[Short text fragments from websites]
####
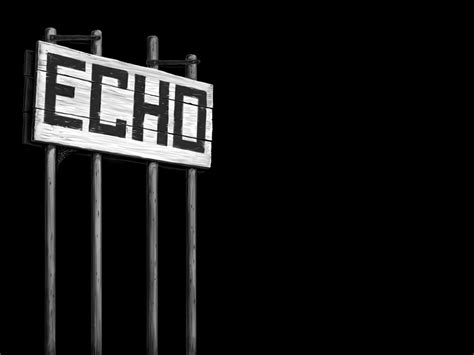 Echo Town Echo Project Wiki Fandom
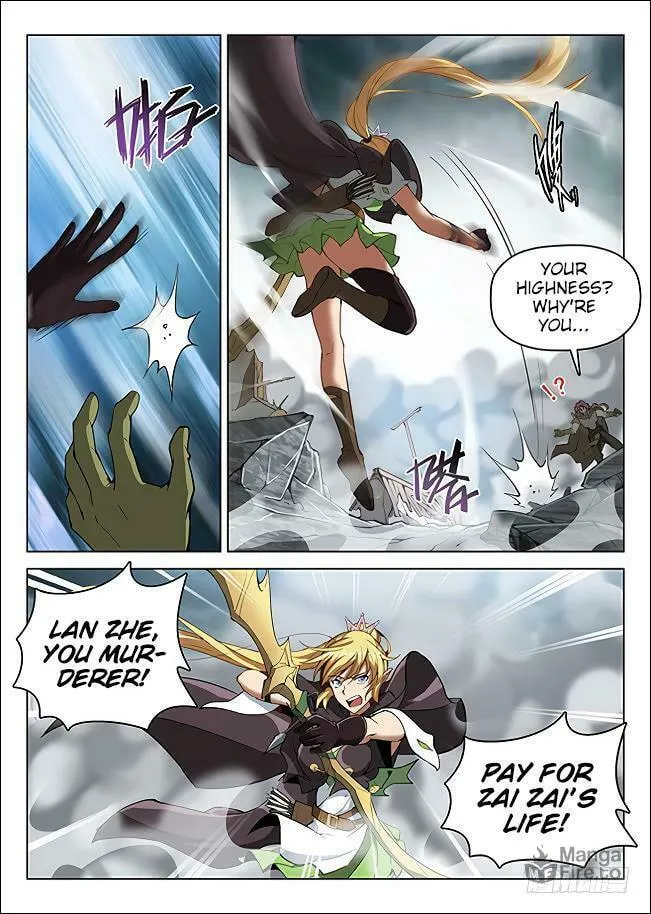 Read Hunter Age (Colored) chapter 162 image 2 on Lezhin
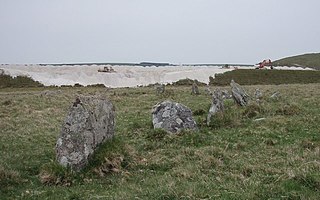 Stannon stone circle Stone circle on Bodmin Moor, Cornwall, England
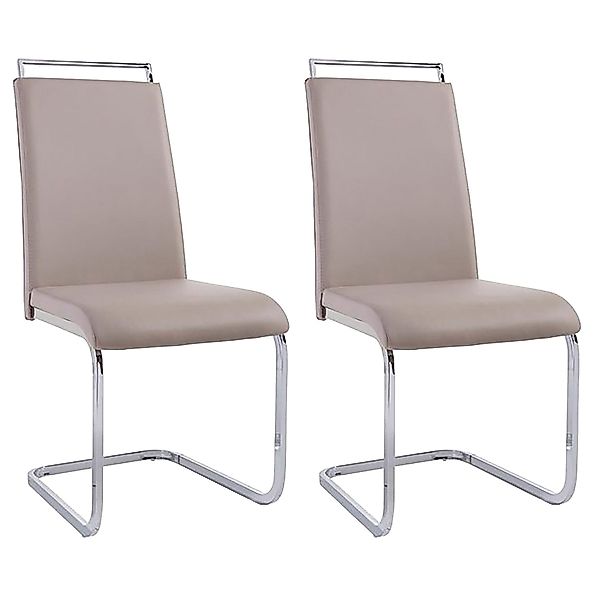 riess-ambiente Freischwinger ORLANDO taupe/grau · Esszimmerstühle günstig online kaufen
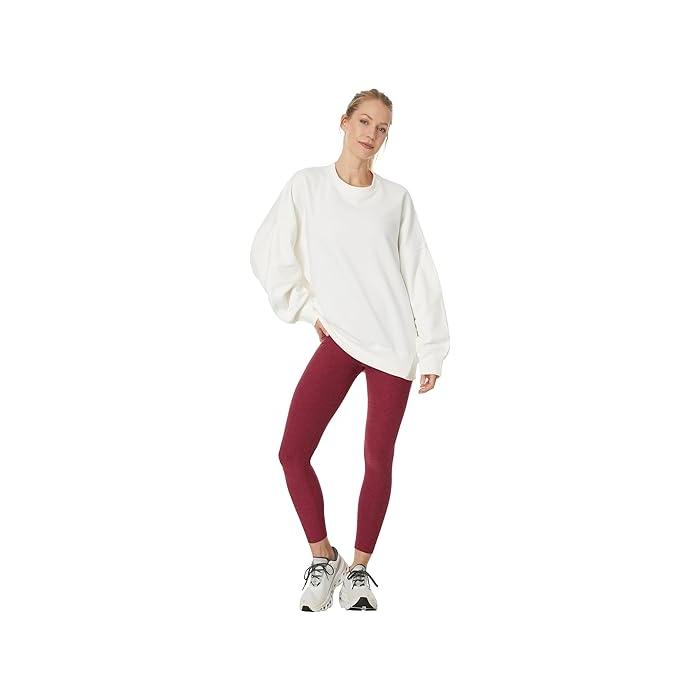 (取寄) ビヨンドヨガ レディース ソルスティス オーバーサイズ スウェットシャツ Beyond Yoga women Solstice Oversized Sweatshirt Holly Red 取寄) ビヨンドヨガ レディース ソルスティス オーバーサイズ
####
- Exercise requirements -
Begin with the line containing "riess-ambiente Freischwinger ORLANDO" and end with the last line of the entries above. Copy those lines exactly, both ends included, and drop every picture.

- Exercise output -
 riess-ambiente Freischwinger ORLANDO taupe/grau · Esszimmerstühle günstig online kaufen
 (取寄) ビヨンドヨガ レディース ソルスティス オーバーサイズ スウェットシャツ Beyond Yoga women Solstice Oversized Sweatshirt Holly Red 取寄) ビヨンドヨガ レディース ソルスティス オーバーサイズ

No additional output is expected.